__Exercise objective__: Only the lines from the one containing "Exterior - 615" through the end of the entries are wanted, retyped exactly and without pictures.

__Data shown__:
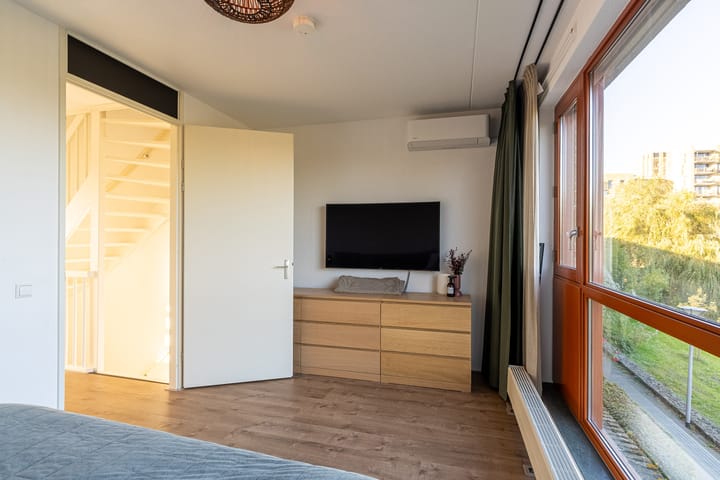 Foto 32 van Johan de Wittstraat 222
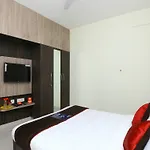 Oyo 10123 The Posh Residency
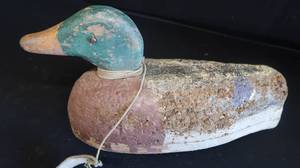 lot 89 image: COLLECTIBLE DUCK DECOY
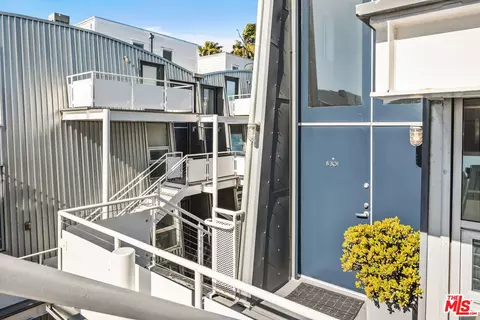 Exterior - 615 Hampton Dr #B301, Venice, CA 90291 photo 3 of 3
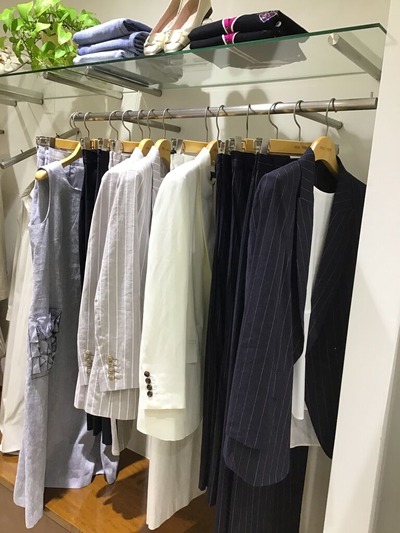 D74D5000-BDB4-4477-A2D3-401326D9C3B9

__Exercise response__:
 Exterior - 615 Hampton Dr #B301, Venice, CA 90291 photo 3 of 3
 D74D5000-BDB4-4477-A2D3-401326D9C3B9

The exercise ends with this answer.